Scale-Bridging Computational Materials Science: Heterogeneous Algorithms for Heterogeneous Platforms
Timothy Germann, Los Alamos National Laboratory
Computational materials scientists have been among the earliest and heaviest users of leadership-class supercomputers. The codes and algorithms which have been developed span a wide range of physical scales, and have been useful not only for gaining scientific insight, but also as testbeds for exploring new approaches for tacking evolving challenges, including massive (nearly million-way) concurrency, an increased need for fault and power management, and data bottlenecks. Multiscale, or scale-bridging, techniques are attractive from both materials science and computational perspectives, particularly as we look ahead from the current petascale era towards the exascale platforms expected to be deployed by the end of this decade. In particular, the increasingly heterogeneous and hierarchical nature of computer architectures demands that algorithms, programming models, and tools must mirror these characteristics if they are to thrive in this environment.
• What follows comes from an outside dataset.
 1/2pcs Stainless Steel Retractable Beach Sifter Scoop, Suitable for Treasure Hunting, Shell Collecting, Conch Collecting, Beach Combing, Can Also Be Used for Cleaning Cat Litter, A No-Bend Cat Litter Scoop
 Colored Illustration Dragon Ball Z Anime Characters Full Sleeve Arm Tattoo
Following a review of the current state of the art in petascale single-scale materials science application codes, and in scale-bridging algorithms, I will describe our UQ-driven adaptive physics refinement scale-bridging strategy for modeling materials at extreme mechanical and irradiation conditions, in which coarse-scale simulations spawn sub-scale direct numerical simulations as needed. This task-based MPMD approach leverages the extensive concurrency and heterogeneity expected at exascale, while enabling novel data models, power management, and fault tolerance strategies within applications. The programming models and runtime task/resource management and data sharing systems required to support such an approach will also enable in situ visualization and analysis, thus alleviating much of the I/O burden. The concept of computational "co-design" is essential for developing these algorithms and the necessary programming models and runtime systems (middleware) to enable their execution, and also influence potential architecture design choices for future exascale systems.
Abstract Author(s): Timothy Germann